Transportation management systems (TMS) provider MercuryGate International Inc.’s acquisition of logistics software company Cheetah Software Systems rounds out MercuryGate’s portfolio by integrating Cheetah’s strong final-mile logistics technology capabilities, MercuryGate’s co-founder said Wednesday.
The transaction, which was completed March 31 but not disclosed until Tuesday, will provide MercuryGate with “street-level” planning software that will embed with the company’s well-established TMS, said Steve Blough, who is also MercuryGate’s chief innovation officer. Cary, North Carolina-based MercuryGate had for years been one of the few TMSs to include a parcel optimization application to accompany its LTL and truckload functions.
TMSs allow shippers, third-party logistics providers and their partners to manage an array of functions from load planning to delivery to modal selection. With a TMS, users can compare routes, carriers and modal options to generate the most bang for their transportation budget.
Cheetah, based in Westlake Village, California, enables MercuryGate to extend its customers’ delivery experience to the “street level,” Blough said in a telephone interview Wednesday. MercuryGate had in-house last-mile capabilities, but they didn’t match those of Cheetah, Blough said. With the Cheetah system, “we can now handle all aspects” of customers’ moves, he said.
The explosive growth of e-commerce fulfillment has put a premium on user-friendly technology that can navigate the increasingly complex delivery process linking retailer, carrier, logistics provider and the end customer. The last-mile segment can be frustrating to choreograph because it involves knowledge of the local carrier market, an ability to change routings on the fly, and the capability of handling returns.

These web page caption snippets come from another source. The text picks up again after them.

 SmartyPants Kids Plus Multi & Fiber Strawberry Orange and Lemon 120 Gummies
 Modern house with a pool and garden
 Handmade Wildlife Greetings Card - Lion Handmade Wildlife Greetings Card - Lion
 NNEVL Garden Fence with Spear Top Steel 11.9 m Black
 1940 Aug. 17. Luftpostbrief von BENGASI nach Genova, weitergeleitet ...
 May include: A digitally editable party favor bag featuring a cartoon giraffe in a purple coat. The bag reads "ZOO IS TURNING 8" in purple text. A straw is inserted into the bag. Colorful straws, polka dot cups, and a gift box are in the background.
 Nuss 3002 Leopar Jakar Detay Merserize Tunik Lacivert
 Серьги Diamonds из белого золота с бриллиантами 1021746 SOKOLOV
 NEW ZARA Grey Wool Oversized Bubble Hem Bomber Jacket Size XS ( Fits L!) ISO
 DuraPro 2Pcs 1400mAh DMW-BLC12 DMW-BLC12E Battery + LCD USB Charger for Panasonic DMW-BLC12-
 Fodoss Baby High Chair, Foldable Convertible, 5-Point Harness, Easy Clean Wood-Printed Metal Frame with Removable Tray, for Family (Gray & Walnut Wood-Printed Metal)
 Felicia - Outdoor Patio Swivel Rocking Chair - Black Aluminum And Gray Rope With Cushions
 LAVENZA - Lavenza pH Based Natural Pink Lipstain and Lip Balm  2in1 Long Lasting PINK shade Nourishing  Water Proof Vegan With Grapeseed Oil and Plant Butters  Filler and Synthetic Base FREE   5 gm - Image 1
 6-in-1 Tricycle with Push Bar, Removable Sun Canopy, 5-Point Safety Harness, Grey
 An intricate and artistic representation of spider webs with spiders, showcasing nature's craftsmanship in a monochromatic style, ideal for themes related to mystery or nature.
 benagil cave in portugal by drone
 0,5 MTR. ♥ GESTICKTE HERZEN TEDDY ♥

The pressure is amplified by the elevated delivery demands of end customers used to receiving their shipments quickly and hassle-free, and to track shipments’ status in real time from start to finish. Third-party providers, in particular, have been flummoxed by the peculiarities of the last-mile segment, with some unwilling to participate because they haven’t cracked the profit-making code. Most 3PLs are being pushed hard by their retailer customers to develop solutions because retailers can’t afford to stay out of the category.
Financial terms of the transaction were not disclosed. Both companies are privately held. MercuryGate was acquired in 2018 by private equity firm Summit Partners for a rumored $390 million.